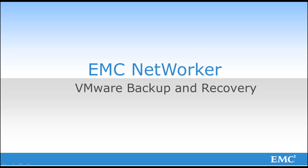EMC NetWorker takes the backup and recovery of VMware to the next level. In this demo, I will show NetWorker's direct integration with vCenter.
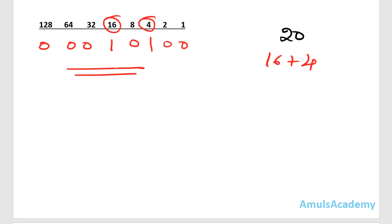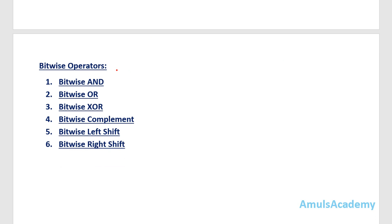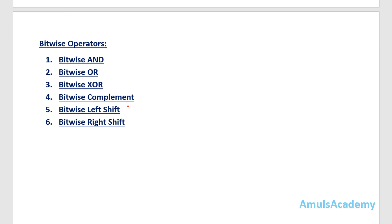Now we will see what are the different bitwise operators in Python. There are 6 bitwise operators: bitwise AND, bitwise OR, bitwise XOR, bitwise complement, bitwise left shift, and bitwise right shift. In this tutorial we will discuss the first 3 — bitwise AND, bitwise OR, and bitwise XOR. In the next tutorial we will discuss the remaining 3.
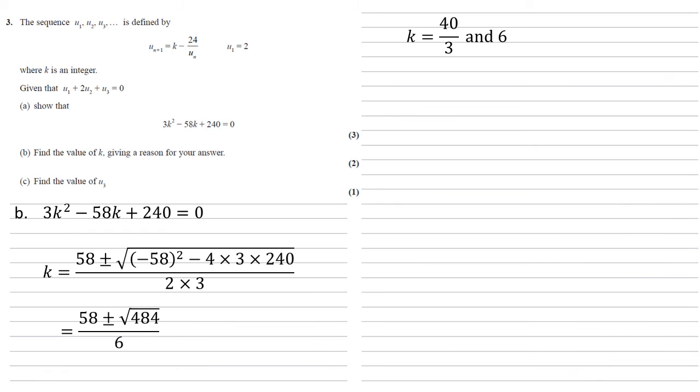But we're told at the beginning that k is an integer, which means that k must be equal to 6. Notice this is the point where in the question it says give a reason for our answer. It's because of this point.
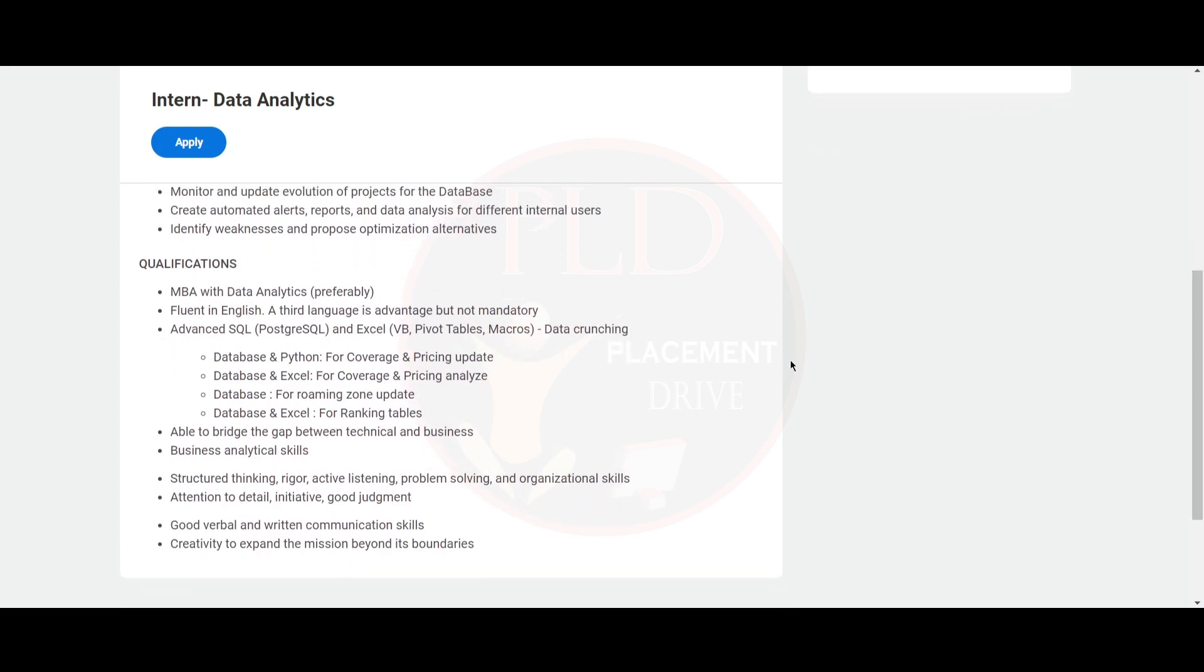Required qualifications include MBA with data analytics and fluent in English. A third language is advantageous but not Mandarin. You should know advanced SQL and Excel data crunching, database and Python for coverage and pricing updates and analysis, database for roaming zone updates, and database and Excel for ranking tables.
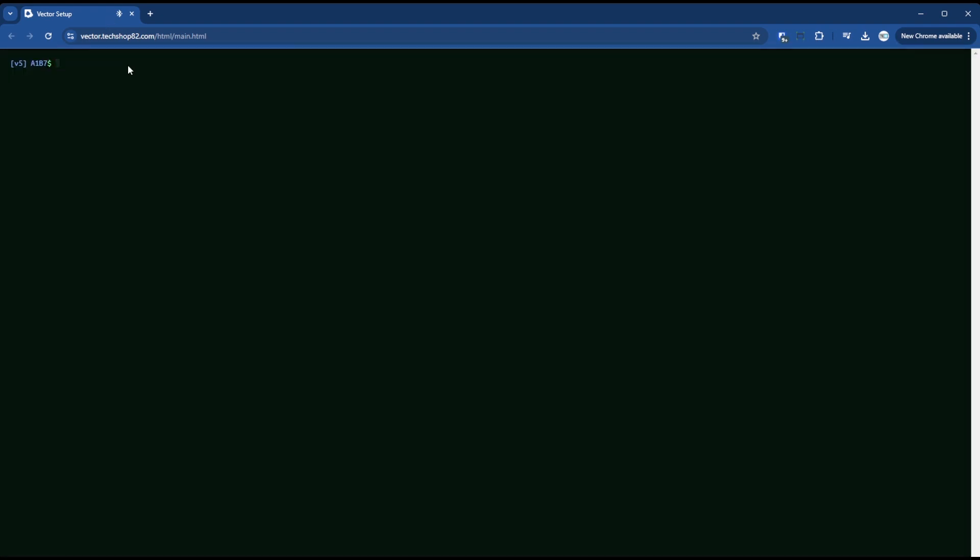So this will take you to the terminal that you're seeing right now. And then if I do Wi-Fi dash IP, it shows that I have an IP address. This is my home network and I'm connected on my network and I know that works.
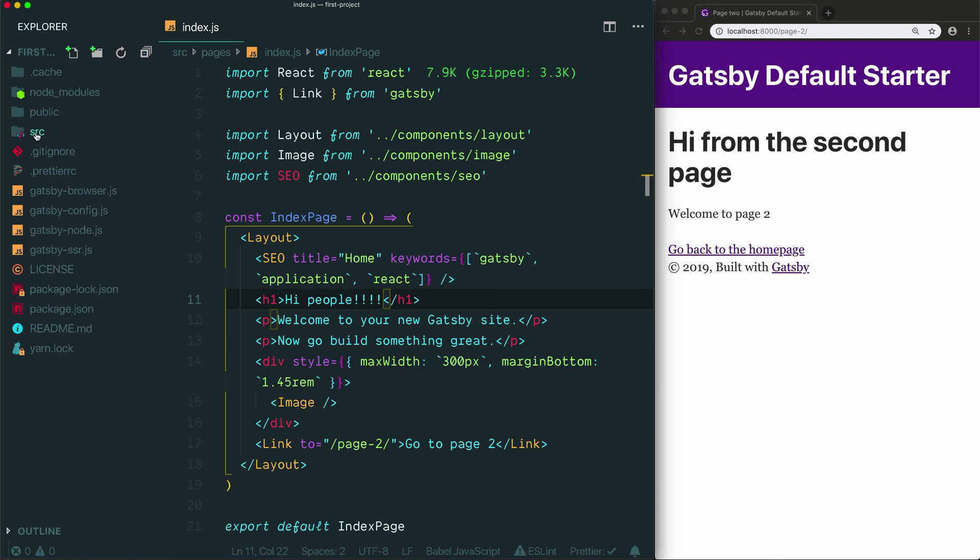That's everything that's included in the Gatsby default starter. Hopefully that gives you a good idea of which files and folders you should edit and where to go when you want to start customizing your project. In the next video we're going to introduce React and how you actually write your HTML in a Gatsby project. Until then, thanks so much for watching and I'll see you in the next video.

■ ■ ■ ■ ■

Exercise details => Return the lines above from the one with "But we're told" through the one with "Required qualifications include", verbatim and nothing else. Omit every picture.

Finished task =>
But we're told at the beginning that k is an integer, which means that k must be equal to 6. Notice this is the point where in the question it says give a reason for our answer. It's because of this point.
Required qualifications include MBA with data analytics and fluent in English. A third language is advantageous but not Mandarin. You should know advanced SQL and Excel data crunching, database and Python for coverage and pricing updates and analysis, database for roaming zone updates, and database and Excel for ranking tables.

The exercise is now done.